Spend any time flipping through the cable channels and you quickly find a plethora of home renovation shows aimed at people trying to flip houses for a quick profit or renovate their homes to make them more livable or saleable. A couple in Wales may want to pitch a new kind of DIY show to a network – witch-proofing your home for fun and profit … and keeping away witches. Would you watch?
“The staircase had been built across a sealed-up medieval doorway that once connected different parts of the house, and the void underneath it had become exposed by the repairs being carried out on the old timber frame. It was very eerie to peer into the darkness and make out all the objects inside.”

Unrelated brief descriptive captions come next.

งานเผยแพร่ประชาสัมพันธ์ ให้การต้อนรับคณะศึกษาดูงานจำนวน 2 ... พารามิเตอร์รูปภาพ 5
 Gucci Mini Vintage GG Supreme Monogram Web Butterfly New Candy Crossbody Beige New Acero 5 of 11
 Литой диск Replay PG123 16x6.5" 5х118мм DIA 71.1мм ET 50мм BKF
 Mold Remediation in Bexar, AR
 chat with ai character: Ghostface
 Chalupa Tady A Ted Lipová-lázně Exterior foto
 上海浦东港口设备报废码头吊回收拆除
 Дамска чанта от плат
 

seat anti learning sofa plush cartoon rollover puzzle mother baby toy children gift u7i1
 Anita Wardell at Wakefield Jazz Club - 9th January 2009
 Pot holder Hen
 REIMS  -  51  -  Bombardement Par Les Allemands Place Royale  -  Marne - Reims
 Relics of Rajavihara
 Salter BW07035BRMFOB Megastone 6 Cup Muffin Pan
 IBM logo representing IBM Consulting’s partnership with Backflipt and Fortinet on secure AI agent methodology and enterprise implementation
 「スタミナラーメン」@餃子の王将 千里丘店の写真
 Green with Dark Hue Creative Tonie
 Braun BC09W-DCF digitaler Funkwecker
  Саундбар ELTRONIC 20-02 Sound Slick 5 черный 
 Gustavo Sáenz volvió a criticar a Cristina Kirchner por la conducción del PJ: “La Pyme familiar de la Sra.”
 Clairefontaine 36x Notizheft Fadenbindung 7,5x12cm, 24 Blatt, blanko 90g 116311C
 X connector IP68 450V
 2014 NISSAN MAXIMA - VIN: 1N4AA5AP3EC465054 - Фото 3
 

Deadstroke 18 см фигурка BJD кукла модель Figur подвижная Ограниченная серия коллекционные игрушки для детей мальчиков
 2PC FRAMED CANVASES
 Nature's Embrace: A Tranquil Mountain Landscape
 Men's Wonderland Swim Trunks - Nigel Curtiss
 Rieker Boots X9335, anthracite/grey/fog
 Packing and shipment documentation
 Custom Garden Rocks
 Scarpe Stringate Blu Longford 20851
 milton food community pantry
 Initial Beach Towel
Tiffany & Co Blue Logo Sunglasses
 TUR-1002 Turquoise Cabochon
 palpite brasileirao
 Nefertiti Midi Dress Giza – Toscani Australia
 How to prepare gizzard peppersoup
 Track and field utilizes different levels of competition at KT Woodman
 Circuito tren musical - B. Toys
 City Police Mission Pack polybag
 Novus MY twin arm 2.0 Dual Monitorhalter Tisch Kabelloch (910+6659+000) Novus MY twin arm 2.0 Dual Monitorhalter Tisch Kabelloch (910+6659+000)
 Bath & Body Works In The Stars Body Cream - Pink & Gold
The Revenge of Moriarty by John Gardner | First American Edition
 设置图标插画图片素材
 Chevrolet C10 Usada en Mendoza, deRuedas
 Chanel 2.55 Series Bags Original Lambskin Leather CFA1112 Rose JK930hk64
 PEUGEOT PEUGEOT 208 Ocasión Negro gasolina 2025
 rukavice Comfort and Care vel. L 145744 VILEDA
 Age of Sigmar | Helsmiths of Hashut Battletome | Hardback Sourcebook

As all do-it-yourself renovators know, the first step is tearing down walls. That’s what Kerrie Jackson and her husband Bleddyn were doing to 16th century farmhouse in Denbigh, an old town in Denbighshire county in northwestern Wales. (Photos here.) Denbigh dates back to the late 13th century when Denbigh Castle and the town walls were built by order of King Edward I to protect the area from Welsh rebels. That town was destroyed during the War of the Roses and rebuilt in its current location, where it has been a center for the textile industry since the 15th century. Their house has been there almost as long and Jackson describes it to WalesOnline as a Grade II-listed Plas Uchaf – Grade II is a historical designation and Plas Uchaf means it’s in the style of Plus Uchaf, a 15th-century cruck-and-aisle-truss hall house in Denbighshire.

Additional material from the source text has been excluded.